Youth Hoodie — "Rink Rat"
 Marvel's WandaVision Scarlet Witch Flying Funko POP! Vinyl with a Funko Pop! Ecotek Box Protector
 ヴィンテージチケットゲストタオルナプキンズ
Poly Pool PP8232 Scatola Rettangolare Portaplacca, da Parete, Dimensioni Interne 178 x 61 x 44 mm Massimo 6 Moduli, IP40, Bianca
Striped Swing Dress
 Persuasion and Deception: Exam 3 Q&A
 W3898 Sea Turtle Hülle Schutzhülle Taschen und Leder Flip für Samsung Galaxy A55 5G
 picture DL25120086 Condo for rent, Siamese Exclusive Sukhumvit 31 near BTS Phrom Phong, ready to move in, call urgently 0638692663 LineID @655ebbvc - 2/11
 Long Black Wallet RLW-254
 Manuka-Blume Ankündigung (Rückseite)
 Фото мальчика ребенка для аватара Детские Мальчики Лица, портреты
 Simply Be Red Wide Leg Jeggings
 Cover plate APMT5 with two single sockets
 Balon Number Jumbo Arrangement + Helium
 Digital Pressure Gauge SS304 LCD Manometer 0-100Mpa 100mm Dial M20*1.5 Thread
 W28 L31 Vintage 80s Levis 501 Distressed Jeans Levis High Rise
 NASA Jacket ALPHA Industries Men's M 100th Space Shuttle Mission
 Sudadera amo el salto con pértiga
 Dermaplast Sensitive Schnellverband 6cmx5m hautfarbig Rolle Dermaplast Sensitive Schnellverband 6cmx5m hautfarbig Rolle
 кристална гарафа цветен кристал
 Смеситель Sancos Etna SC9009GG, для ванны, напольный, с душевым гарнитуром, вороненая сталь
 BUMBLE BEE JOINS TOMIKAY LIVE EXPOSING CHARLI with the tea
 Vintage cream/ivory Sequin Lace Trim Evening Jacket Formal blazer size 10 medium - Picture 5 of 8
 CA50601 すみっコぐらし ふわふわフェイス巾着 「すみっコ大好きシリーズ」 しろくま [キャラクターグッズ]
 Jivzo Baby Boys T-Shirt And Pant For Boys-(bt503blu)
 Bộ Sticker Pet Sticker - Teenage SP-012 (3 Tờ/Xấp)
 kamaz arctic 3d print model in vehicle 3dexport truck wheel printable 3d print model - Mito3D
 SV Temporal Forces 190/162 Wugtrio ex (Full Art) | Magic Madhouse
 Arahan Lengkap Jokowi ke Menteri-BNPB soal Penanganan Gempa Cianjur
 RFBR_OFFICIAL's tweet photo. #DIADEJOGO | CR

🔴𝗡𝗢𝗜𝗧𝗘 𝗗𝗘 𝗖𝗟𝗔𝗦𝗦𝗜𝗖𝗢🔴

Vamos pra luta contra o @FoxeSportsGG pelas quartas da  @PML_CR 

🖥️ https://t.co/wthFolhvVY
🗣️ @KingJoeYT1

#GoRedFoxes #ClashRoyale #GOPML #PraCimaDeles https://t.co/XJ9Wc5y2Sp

## The problem
From the line containing "RFBR_OFFICIAL's tweet photo. #DIADEJOGO | CR" down to the last line of the material, each line is to be retyped exactly; no other lines belong in the answer.

## Answer space
 RFBR_OFFICIAL's tweet photo. #DIADEJOGO | CR

🔴𝗡𝗢𝗜𝗧𝗘 𝗗𝗘 𝗖𝗟𝗔𝗦𝗦𝗜𝗖𝗢🔴

Vamos pra luta contra o @FoxeSportsGG pelas quartas da  @PML_CR 

🖥️ https://t.co/wthFolhvVY
🗣️ @KingJoeYT1

#GoRedFoxes #ClashRoyale #GOPML #PraCimaDeles https://t.co/XJ9Wc5y2Sp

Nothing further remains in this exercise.